Hanakapi'ai Falls, NaPali Coast, Kauai, Hawaii

Rocky shoreline near Brennecke's Beach

Ocean and sky long exposure image near Brennecke's Beach

In March I had to say farewell to my very good friend Wayne Simpson as he packed up his family and moved across the country to Ontario. Many of you will recognize his name as it appeared quite frequently here on the blog over the last couple years. We had many adventures, made a lot of photos, broke some gear (wait, that was just me…) and of course, lots of laughs and good times. This next image was taken the last time we got together to shoot up at Spray Lakes right before he left. Miss ya Wayne!

Cracked ice on Spray Lakes and the Goat Mountain Range

I was very honoured to be invited to join the IRIS Photographic Society of Alberta this year. Working together with members Peter Carroll, Royce Howland, Samantha Chrysanthou, Darwin Wiggett, and Kerry Smith has been a fantastic experience. This next image was taken on one of the workshops we led at the Calgary Lilac Festival in May. This was just a fun little abstract image I made at one of the street vendor’s booths. Rows of brightly coloured woven bracelets captured during a longer exposure while panning the camera gave me this result.


In July I went on an awesome backpacking trip down in Waterton National Park with good friends Sam and Darwin. We spent 5 days in the backcountry with beautiful weather, stunning scenery, sore feet, and lots of good times. While this wasn’t really intended as a photo trip, we were still a group of photographers after all, and made a few images along the way.

Sunrise at Maskinonge Lake

Grass reflected in Maskinonge Lake at sunrise

Sunrise at Twin Lakes

In the fall I made a trip up to the Kootenay Plains area for a couple days and thoroughly enjoyed exploring some new area for me at that time of year. I’ve only been up there in the winter a couple of times but never the fall. It was definitely worth the visit and I hope to spend more time up there getting to know the area in the coming year.

Sunrise at Whitegoat Lakes with Elliot Peak, Kootenay Plains, Alberta, Canada

Aspen trees in fall using motion blur technique


On a cold day in December, I jumped into the car with Sam and Darwin and we headed east of Calgary to do some exploring on the prairies. We didn’t get out of the car much that day, and mostly just explored and chatted along the way. When we did get out and shoot towards the end of the day, I found this little scene in the ditch beside the road.
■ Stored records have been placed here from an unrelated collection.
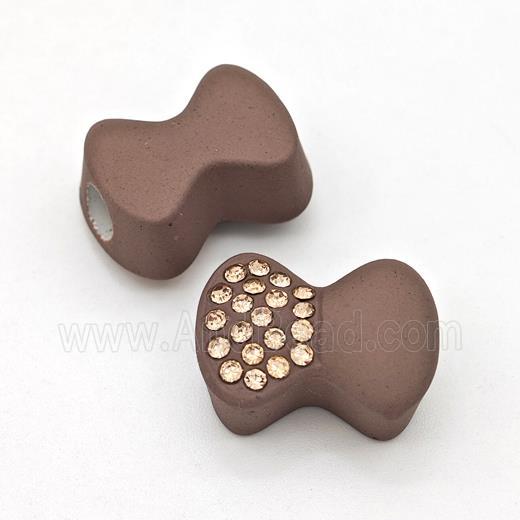 Chocolate Resin Bow Beads Micro Pave Rhinestone Large Hole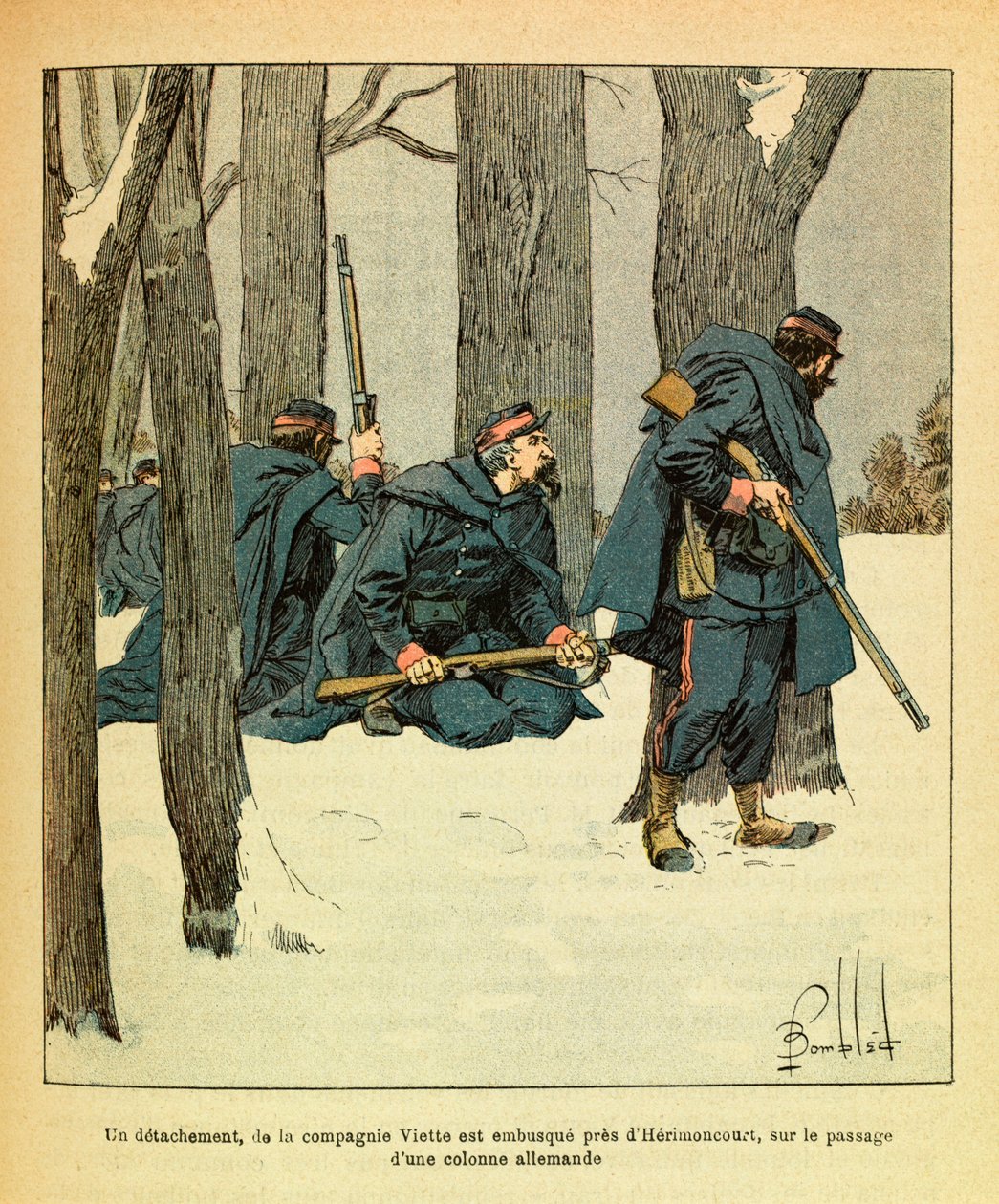 The Eastern Armee of Eugene Sergeant, kjent som Grenest, illustrert av Louis Bombled (1862-1927) (fransk-tyske krig; kampanje 1870 -1871): Januar 1871 ble en avdeling av Viette Company overfalt i bakhold nær Herimoncourt, på passasjen av en tysk spalte av Louis Charles Bombled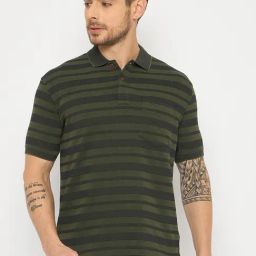 Duke Olive Regular Fit Striped Polo T-Shirt-image-34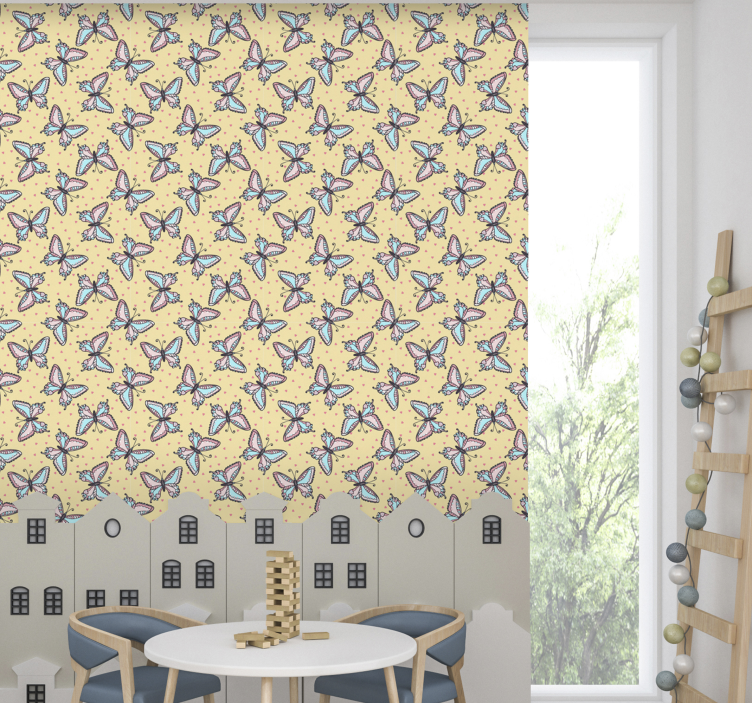 Colorful yellow pattern butterflies wallpaper - TenStickers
Snow drift pattens on the prairies

As I mentioned earlier, I’m now a real estate agent. So it only makes sense then that I would be taking the photos of houses for our listings, right? Right. There’s actually more to this and it’s something I’ve been working on for a little while. When my wife started working in real estate a few years ago, I was just in the very beginning stages of my photography addiction career and it made sense for me to take the photos she needed because I had a camera, and I was into doing it. Of course, the photos were terrible and didn’t have any idea what I was doing. Over the last couple years, I’ve taken much more of an interest in this area of photography and have been delving deep into learning as much as I can. I photographed over 30 homes last year, and feel like I’m finally starting to get the hang of a few things. This is the first I’ve mentioned that this is something I’m working and these are the first images I’m sharing here on the blog. I guess I just haven’t felt like it’s been really ready to share yet, or had any images I was all that confident in. After setting up a shoot with a former client of mine who’s house I’d worked on in the past, I made a couple images that I’m quite happy with. This is something I want to do a LOT more of, and I hope to have much more to share in the coming year.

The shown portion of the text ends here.